UDCA‐HDAC6i #1 Halts Liver Cystogenesis In Vivo, Restores Primary Cilium Length, and Inhibits Cystic Cholangiocyte Proliferation
Histological analysis of the cholangiocyte marker, cytokeratin 19 (CK19), revealed a reduction in magnitude of cystic areas in liver of UDCA‐HDAC6i #1–treated animals compared to PCK untreated rats (Fig. 5A). HDAC6 inhibitory activity of UDCA‐HDAC6i #1 increased (64%) the primary cilium length of cystic cholangiocytes and the number of ciliated cholangiocytes (182%) in liver of the treated animals (Fig. 5B); similarly, in vitro, UDCA‐HDAC6i #1 increased levels of acetylated α‐tubulin (Fig. 5C) and restored the primary cilium length of cystic cholangiocytes (~40% increase; Fig. 5D), but induced no changes in normal cholangiocytes (Fig. 5D).
Given that the primary cilium promotes epithelial cell polarity and prevents cell‐cycle initiation,( 26 , 27 ) we analyzed the effect of UDCA‐HDAC6i #1 on proliferation/expansion of cystic cholangiocytes. UDCA‐HDAC6i #1 inhibited the 3D growth of cystic cholangioids compared to control conditions (Fig. 6A). Similarly, UDCA‐HDAC6i #1 inhibited two‐dimensional (2D) cystic cholangiocyte proliferation in vitro in a dose‐dependent manner (Fig. 6B), which was associated with phosphorylated extracellular signal‐regulated kinase (ERK) 1/2 (pERK1/2) regulation (Fig. 6C). Importantly, this antiproliferative effect was significantly higher than that observed upon combined treatment with UDCA plus the separate spacer‐chelating component (8) (Fig. 6B), demonstrating that UDCA‐HDAC6i #1 has intrinsic properties.
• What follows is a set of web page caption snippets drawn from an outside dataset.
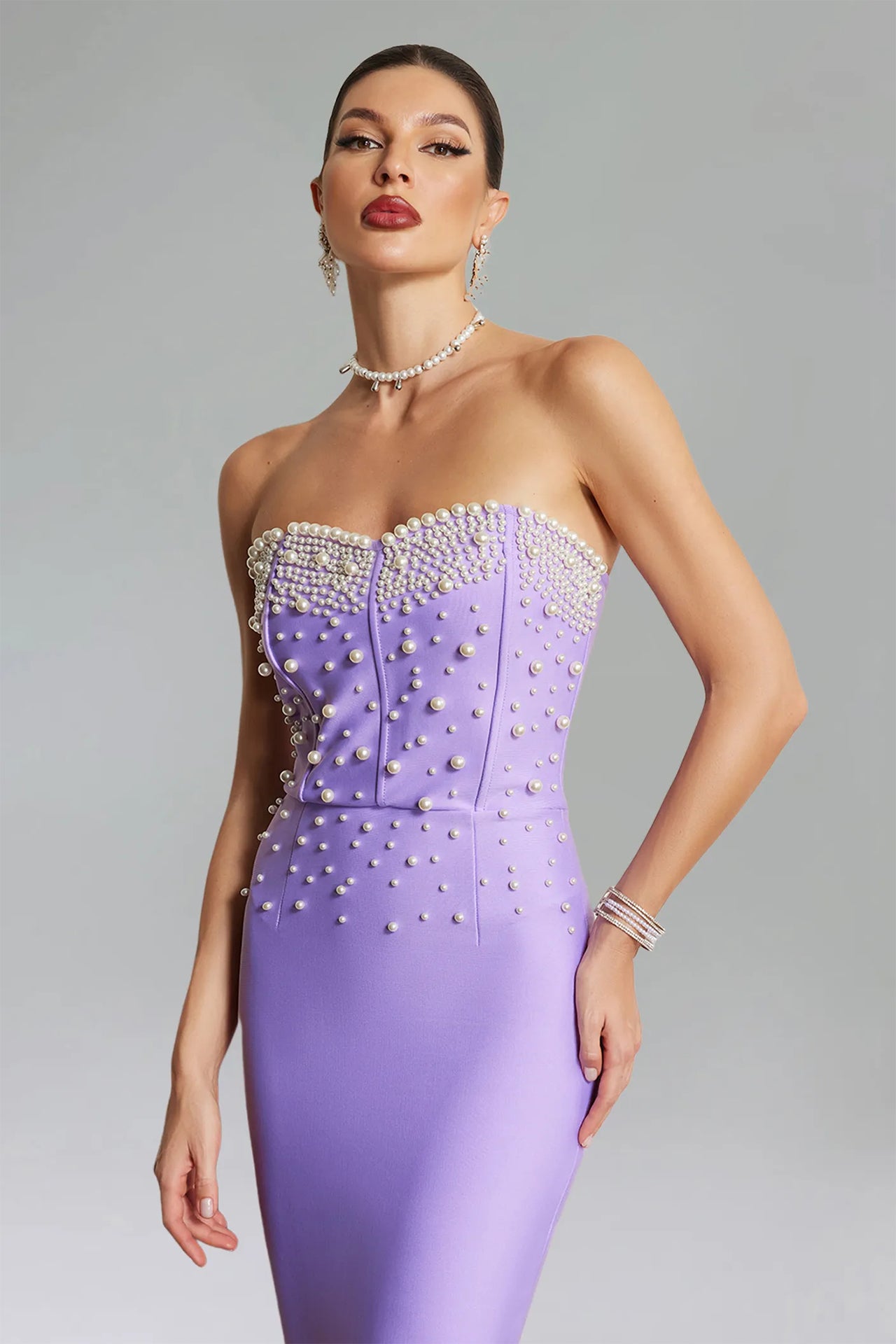 Emily Strapless Pearl Dress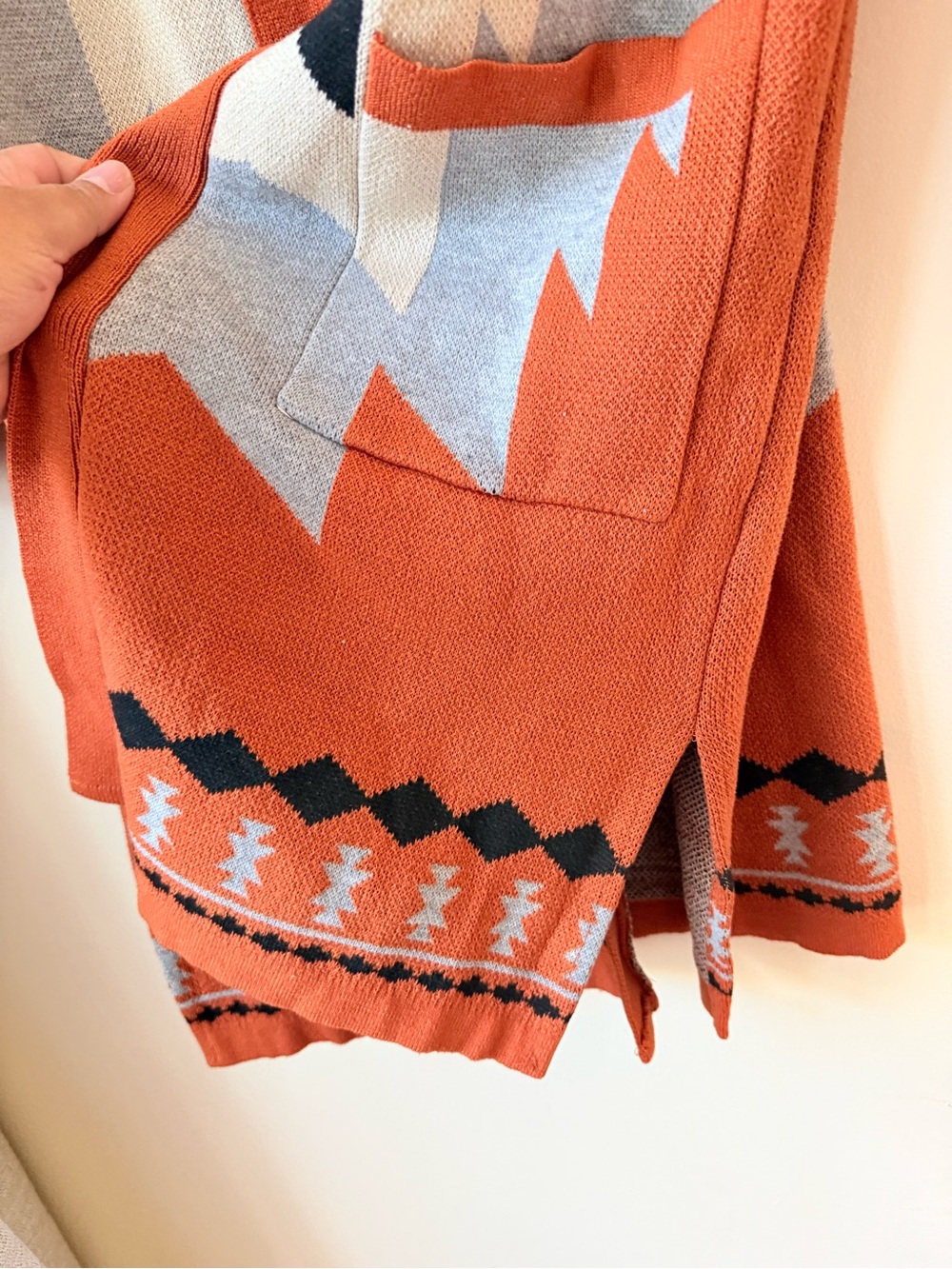 Aztec Pattern Open-Front Cardigan Sweater - Rust M - Picture 15 of 16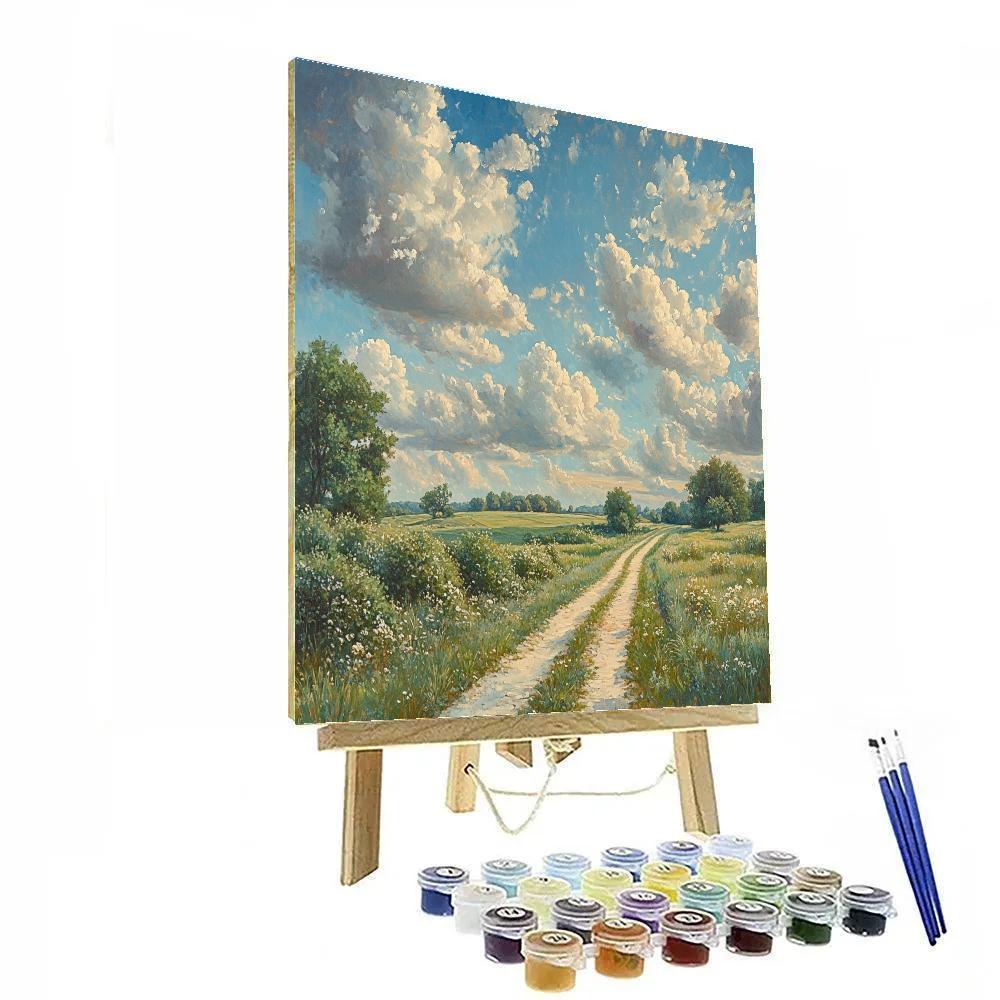 John Constable Inspired Country Lane paint by numbers
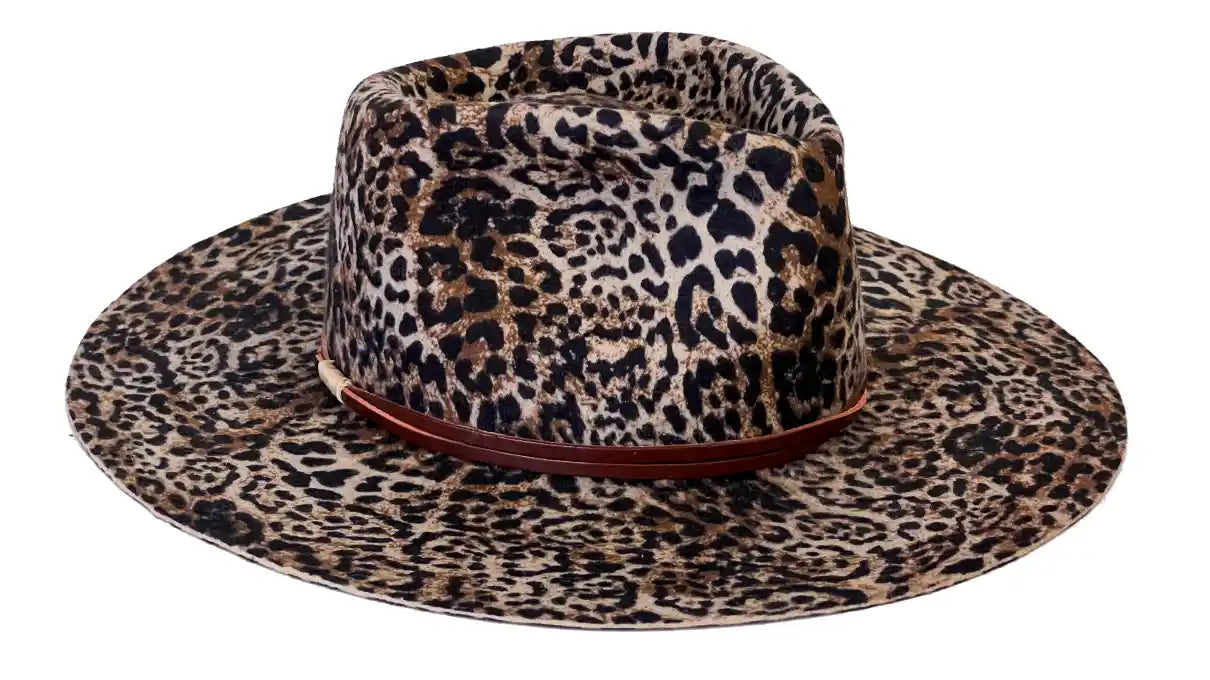 Amazonia – Pălărie Fedora din pâslă din blană cu imprimeu animal lucrată manual: Pălărie unisex cu bor larg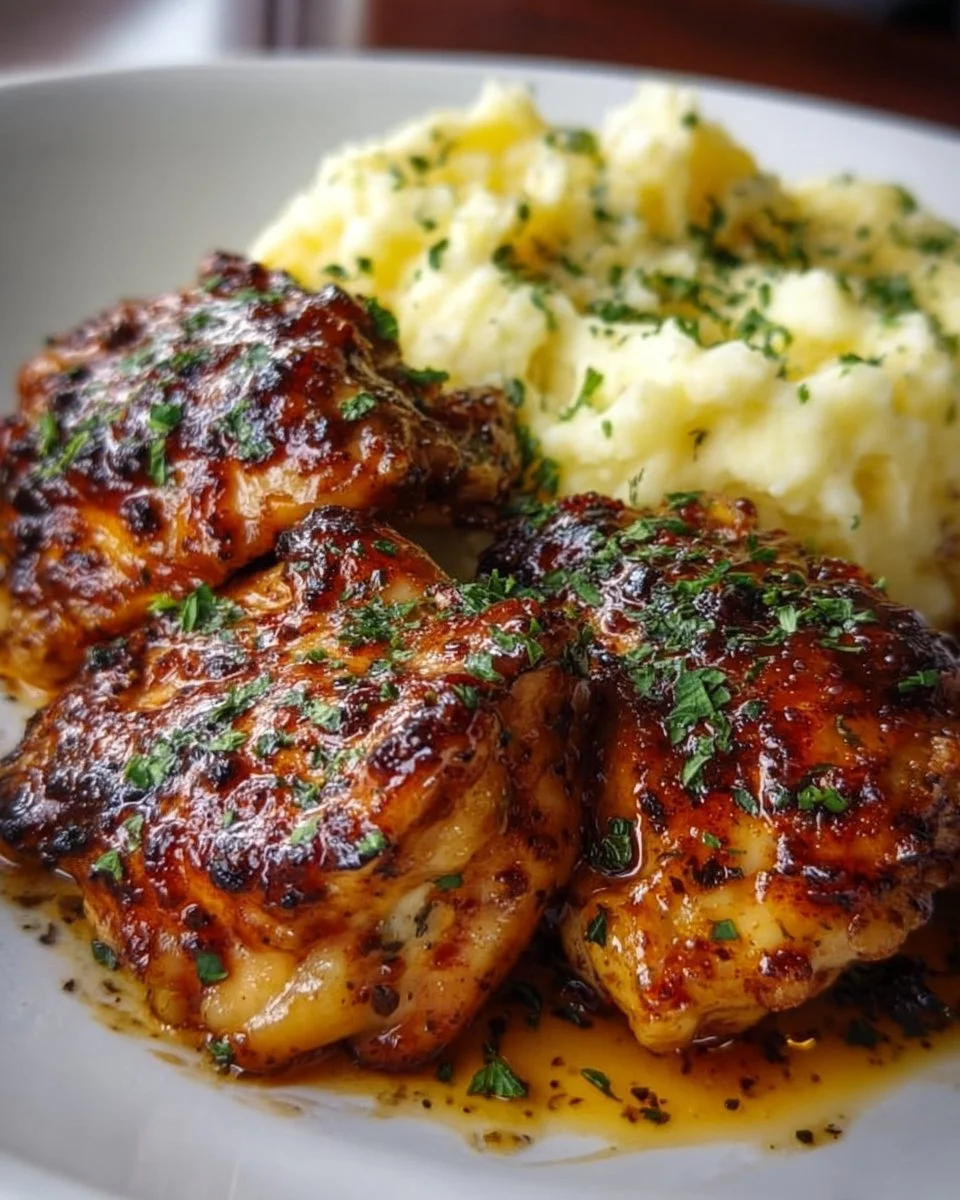 Chipotle Honey Chicken Thighs with Smoked Gouda Mashed Potatoes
Hepatotropic Properties of UDCA‐HDAC6i #1
To investigate the mechanism of UDCA‐HDAC6i #1 uptake by cystic cholangiocytes (i.e., passive diffusion or membrane protein transport), time‐dependent compound internalization was measured in cystic cholangiocytes exposed to UDCA‐HDAC6i #1 at 4°C or 37°C, respectively. Importantly, significant differences in uptake ratios at both temperatures were observed, suggesting that an important part of UDCA‐HDAC6i #1 internalization occurs through plasma membrane proteins (37°C), rather than by passive diffusion across the lipid bilayer (4°C; Fig. 7A). Therefore, in order to assess the specific transporters involved in the UDCA‐HDAC6i #1 internalization process, we next used cell models experimentally overexpressing plasma membrane transporters in substrate competition assays (Supporting Fig. S4). The results indicated that UDCA‐HDAC6i #1 was transported by the organic cation transporters (OCTs), OCT1 and OCT3, (Fig. 7B) as well as by the sodium‐dependent BA transporter (Na+‐taurocholate cotransporting polypeptide), commonly expressed in hepatocytes (Supporting Fig. S5). In contrast, neither the apical sodium‐dependent bile salt transporter expressed in cholangiocytes nor any of the assayed organic anion transporters (i.e., organic anionic transporting polypeptide [OATP] 1A2, OATP1B1, OATP1B3, and OATP2B1) mediated UDCA‐HDAC6i #1 uptake (Supporting Fig. S5). Interestingly, the analysis of expression (RT‐qPCR) of these transporters marked up‐regulation of OCT1 and OCT3 in cystic human cholangiocytes compared to normal controls (Fig. 7C). Furthermore, we confirmed by immunohistochemistry the expression (plasma membrane and cytoplasm) of OCT1 and OCT3 transporters in cyst‐lining cholangiocytes (and hepatocytes; Fig. 7D) of PCK rat liver tissue.
Discussion
Oral administration of UDCA is well tolerated, safe, and is currently the first‐line therapy internationally approved for the treatment of primary biliary cholangitis.( 28 ) Chronic treatment with UDCA inhibits hepatic cyst growth in experimental models and also in a subset of patients with advanced PLD (CURSOR [Ursodeoxycholic Acid as Treatment for Polycystic Liver Disease] phase II clinical trial), improving their symptomatology.( 4 , 5 ) On the other hand, inhibition of HDAC6 activity has been proposed as a therapeutic strategy for PLD.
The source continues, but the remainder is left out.